The Guerrillas now have \(2\) identical strategies and therefore we have the following:

\[\begin{split}\begin{array}{cc}&\textbf{Guerrillas}\\\textbf{Police}& \begin{array}{r|cc} & \textbf{4 - 4} & \textbf{8 - 0}\\ \hline \textbf{5 - 5} & 1 & 0\\ \textbf{8 - 2} & 0 & \frac{1}{2}\end{array} \end{array}\end{split}\]

Solution

As we have seen before, the oddments are \(\frac{1}{3}\) and \(\frac{2}{3}\) for both players while the value is \(\frac{1}{3}\).

Example 3: 11P vs. 9G

p = 11
g = 9
P = create_player_dict('P', p)
G = create_player_dict('G', g)
results = game_matrix(P,G)
for i in P['index']:
   for j in G['index']:
      results.loc[P['strat_name'][i],G['strat_name'][j]] = play(p,g, int(P['strat_name'][i][0]),int(G['strat_name'][j][0]))

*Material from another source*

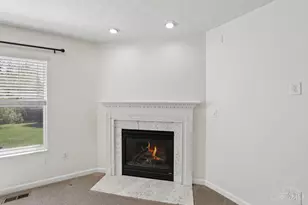 14 Hummingbird Way, Pierce Township, OH 45102 - Photo 11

results.style.set_caption(f"<b>{p} Police vs. {g} Guerrillas</b>").format(precision=1)

11 Police vs. 9 Guerrillas

	5 - 4	6 - 3	7 - 2	8 - 1	9 - 0
6 - 5	1	1/2	0	0	0
7 - 4	1/2	1/2	1/2	0	0
8 - 3	0	1/2	1/2	1/2	0
9 - 2	0	0	1/2	1/2	1/2
10 - 1	0	0	0	1/2	1/2
11 - 0	0	0	0	1/2	1/2

The solution to 11P vs. 9G is quite similar to the work shown above.